I'm questioning the paper's validity and/or generalizability

devilhtc commented 6 years ago

I'm currently doing a course project and the paper has very similar ideas to ours. However our network is not learning much at all. Of course this might be because we trained our network on 110 stocks with 10 in each batch and tested it on another 20 stocks. Training data and test data are all from the S&P 500 over the past 3 years. We have built a complete evaluation pipeline and we are getting crappy results.

Although our results are quite preliminary, it is likely that since in the paper they operated on a certain set of cryptocurrency the network kind of remembers the scores (e.g. how well each currency can perform) and they got very good results with these 'memory' stored in the last few fc layers?
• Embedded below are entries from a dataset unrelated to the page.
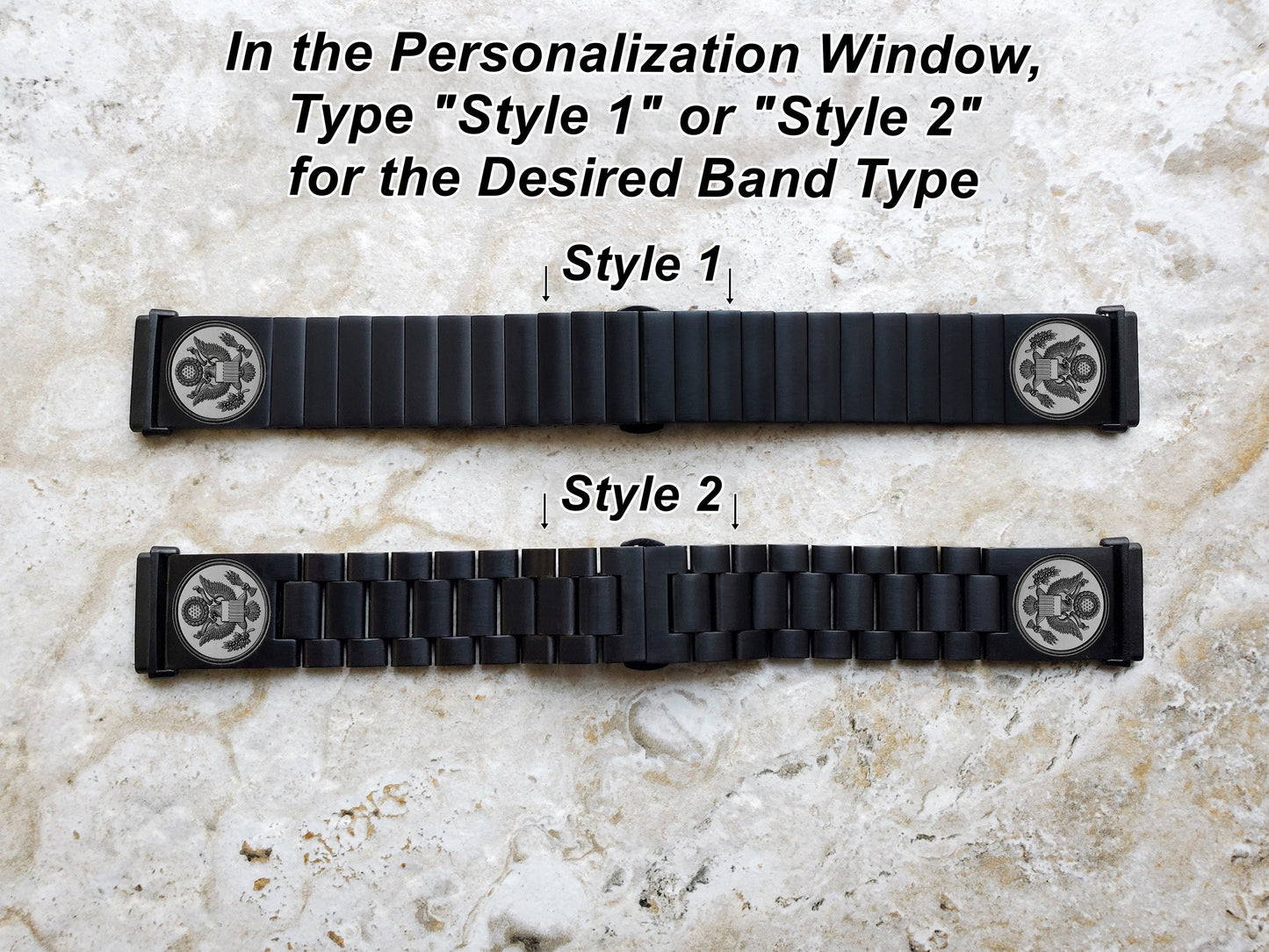 Engraved Watch Band Compatible with Fitbit Versa Lite 2 3 4 and Sense 2 Smartwatches Black Color Stainless Steel Bracelet Strap AS1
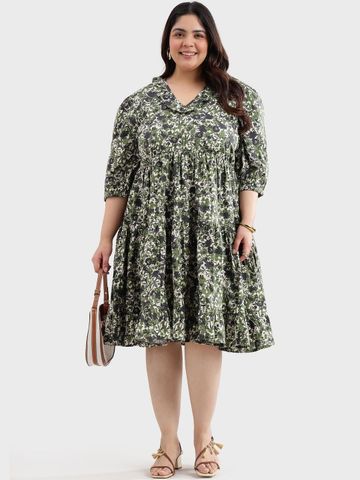 Virgio Printed Cotton V-Neck Three-Quarter Sleeves Mini Plus Size Dress for Women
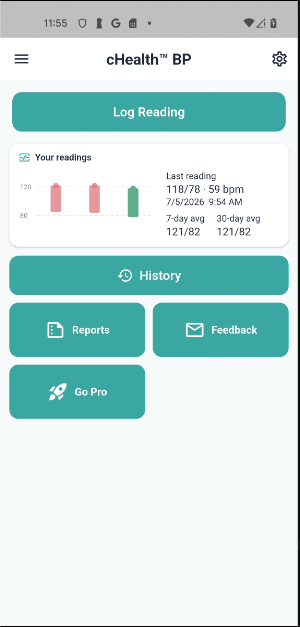 cHealth BP: Blood Pressure Screenshot 0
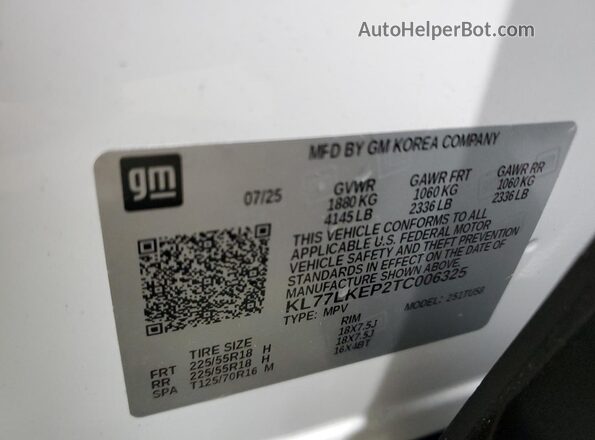 KL77LKEP2TC006325 2026 CHEVROLET TRAX Белый Вид наклейки с VIN-кодом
I'm not sure though since I'm new to deep learning and this is my first time using deep reinforcement learning. But it seems to me that data in the finance world has too much noise and the output of neural networks can easily be swayed with its complex model and, please allow me to put it in this way (although it is a continuous setting instead of a classification/discrete problem), decision boundaries. If neural network can solve the portfolio management problem so well probably few students at a less well-known university would not be the first to come up a with a good application in finance.

I'll keep you posted for any later development as our project progress. In the meantime, if you'd like, I am very interested to hear your thoughts on the subject. Thank you!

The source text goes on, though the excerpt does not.